_Exercise_
Transcribe the entries that follow exactly as they appear, minus pictures.

Source records
_ _ _ _ _ _ _
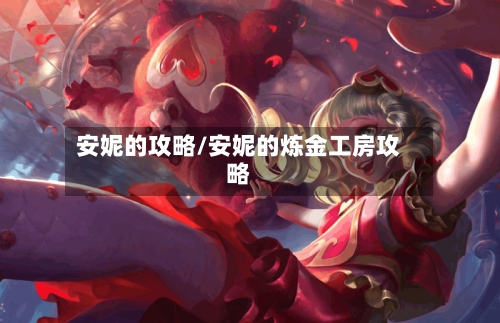 安妮的攻略/安妮的炼金工房攻略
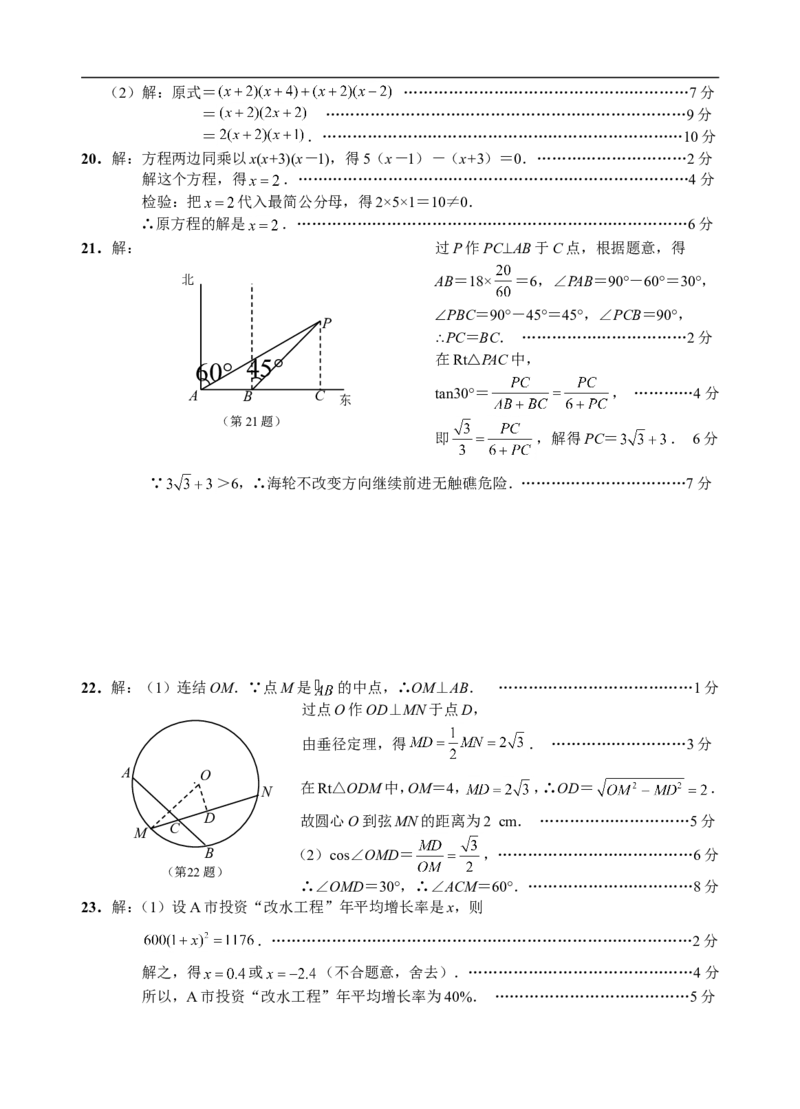 2008年江苏省南通市中考数学试卷及答案_中考真题_2.数学中考真题2015-2024年_地区卷_江苏省_南通中考数学08-22年
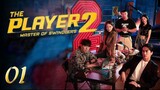 🇰🇷THE PLAYER 2: Master of Swindlers (2024) EP. 1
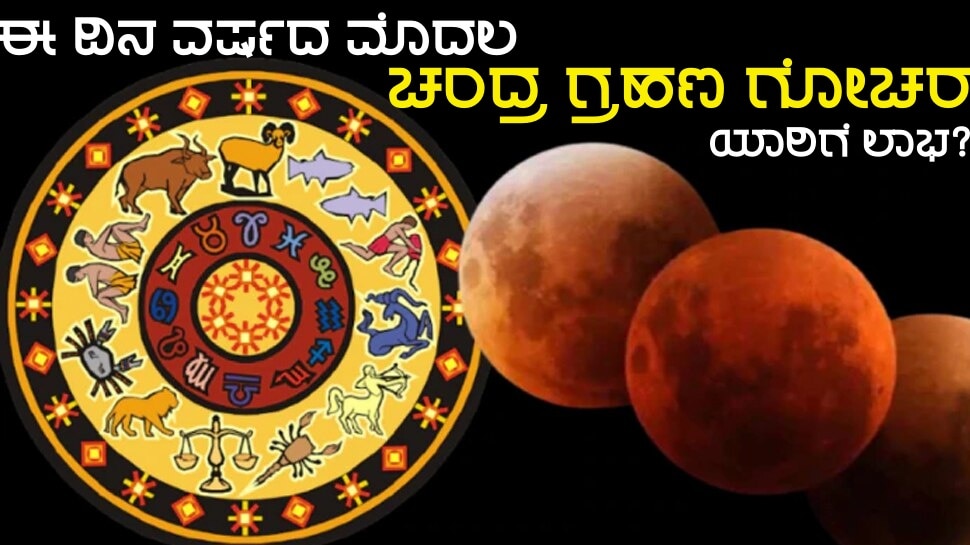 Lunar Eclipse 2024 This Day Chandra Grahan 2024 Will Be Taking Place   366351 Chandragrahan0 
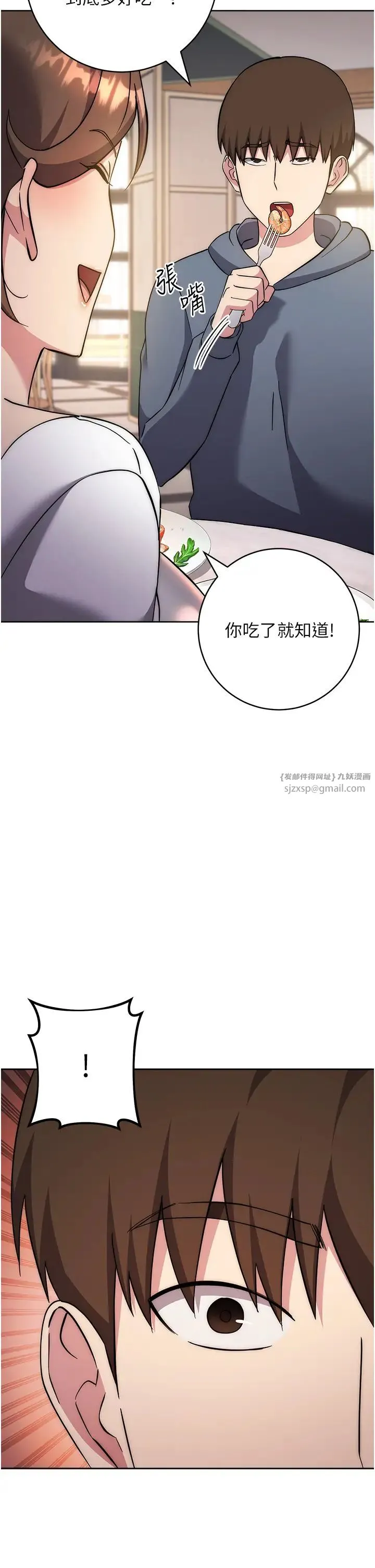 边缘人的復仇 - 第36話-在電影院摸黑使壞 - page 42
_ _ _ _ _ _ _
_Answer to this problem_
 安妮的攻略/安妮的炼金工房攻略
 2008年江苏省南通市中考数学试卷及答案_中考真题_2.数学中考真题2015-2024年_地区卷_江苏省_南通中考数学08-22年
 🇰🇷THE PLAYER 2: Master of Swindlers (2024) EP. 1
 Lunar Eclipse 2024 This Day Chandra Grahan 2024 Will Be Taking Place   366351 Chandragrahan0 
 边缘人的復仇 - 第36話-在電影院摸黑使壞 - page 42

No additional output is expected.